LLVM 11.0.0 Release Notes

Introduction

This document contains the release notes for the LLVM Compiler Infrastructure, release 11.0.0. Here we describe the status of LLVM, including major improvements from the previous release, improvements in various subprojects of LLVM, and some of the current users of the code. All LLVM releases may be downloaded from the LLVM releases web site.

For more information about LLVM, including information about the latest release, please check out the main LLVM web site. If you have questions or comments, the LLVM Developer’s Mailing List is a good place to send them.

Deprecated and Removed Features/APIs

  • BG/Q support, including QPX, will be removed in the 12.0.0 release.

Non-comprehensive list of changes in this release

  • The llgo frontend has been removed for now, but may be resurrected in the future.

Changes to the LLVM IR

  • The callsite attribute vector-function-abi-variant has been added to describe the mapping between scalar functions and vector functions, to enable vectorization of call sites. The information provided by the attribute is interfaced via the API provided by the VFDatabase class. When scanning through the set of vector functions associated with a scalar call, the loop vectorizer now relies on VFDatabase, instead of TargetLibraryInfo.
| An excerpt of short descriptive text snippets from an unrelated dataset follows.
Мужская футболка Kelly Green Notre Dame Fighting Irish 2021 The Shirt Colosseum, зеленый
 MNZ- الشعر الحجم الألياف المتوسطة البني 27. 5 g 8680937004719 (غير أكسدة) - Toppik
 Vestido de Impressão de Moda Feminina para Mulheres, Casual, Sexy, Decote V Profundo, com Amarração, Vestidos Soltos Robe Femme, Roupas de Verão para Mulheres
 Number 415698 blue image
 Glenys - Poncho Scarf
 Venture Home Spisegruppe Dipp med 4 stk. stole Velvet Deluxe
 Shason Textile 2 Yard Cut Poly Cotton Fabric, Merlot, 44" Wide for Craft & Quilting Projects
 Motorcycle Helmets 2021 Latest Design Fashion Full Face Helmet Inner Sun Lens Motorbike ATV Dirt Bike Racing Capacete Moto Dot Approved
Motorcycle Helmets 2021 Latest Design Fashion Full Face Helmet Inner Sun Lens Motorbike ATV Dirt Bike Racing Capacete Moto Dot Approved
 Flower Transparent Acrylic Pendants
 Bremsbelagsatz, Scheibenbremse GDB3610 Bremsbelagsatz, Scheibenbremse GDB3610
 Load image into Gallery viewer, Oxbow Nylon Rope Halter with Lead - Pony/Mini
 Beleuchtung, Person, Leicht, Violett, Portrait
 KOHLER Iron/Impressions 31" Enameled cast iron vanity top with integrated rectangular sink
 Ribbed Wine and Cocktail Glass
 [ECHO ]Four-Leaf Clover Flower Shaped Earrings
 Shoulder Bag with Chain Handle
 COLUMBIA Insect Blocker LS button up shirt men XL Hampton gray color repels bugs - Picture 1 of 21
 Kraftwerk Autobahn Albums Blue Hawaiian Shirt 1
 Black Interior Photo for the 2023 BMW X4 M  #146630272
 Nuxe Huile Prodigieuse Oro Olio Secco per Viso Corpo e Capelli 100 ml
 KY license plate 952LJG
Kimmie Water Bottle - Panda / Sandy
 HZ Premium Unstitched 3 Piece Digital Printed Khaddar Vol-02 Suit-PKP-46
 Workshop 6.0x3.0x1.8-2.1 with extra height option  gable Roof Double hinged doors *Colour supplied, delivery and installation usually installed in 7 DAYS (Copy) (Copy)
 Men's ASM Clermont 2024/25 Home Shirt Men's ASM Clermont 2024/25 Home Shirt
  • dereferenceable attributes and metadata on pointers no longer imply anything about the alignment of the pointer in question. Previously, some optimizations would make assumptions based on the type of the pointer. This behavior was undocumented. To preserve optimizations, frontends may need to be updated to generate appropriate align attributes and metadata.

  • The DIModule metadata is extended to contain file and line number information. This information is used to represent Fortran modules debug info at IR level.

  • LLVM IR now supports two distinct llvm::FixedVectorType and llvm::ScalableVectorType vector types, both derived from the base class llvm::VectorType. A number of algorithms dealing with IR vector types have been updated to make sure they work for both scalable and fixed vector types. Where possible, the code has been made generic to cover both cases using the base class. Specifically, places that were using the type unsigned to count the number of lanes of a vector are now using llvm::ElementCount. In places where uint64_t was used to denote the size in bits of a IR type we have partially migrated the codebase to using llvm::TypeSize.

  • Branching on undef/poison is undefined behavior. It is needed for correctly analyzing value ranges based on branch conditions. This is consistent with MSan’s behavior as well.

  • memset/memcpy/memmove can take undef/poison pointer(s) if the size to fill is zero.

  • Passing undef/poison to a standard I/O library function call (printf/fputc/…) is undefined behavior. The new noundef attribute is attached to the functions’ arguments. The full list is available at llvm::inferLibFuncAttributes.

Changes to building LLVM

  • The LLVM project has started the migration towards Python 3, and the build system now prefers Python 3 whenever available. If the Python 3 interpreter (or libraries) are not found, the build system will, for the time being, fall back to Python 2. It is recommended that downstream projects migrate to Python 3 as Python 2 has been end-of-life’d by the Python Software Foundation.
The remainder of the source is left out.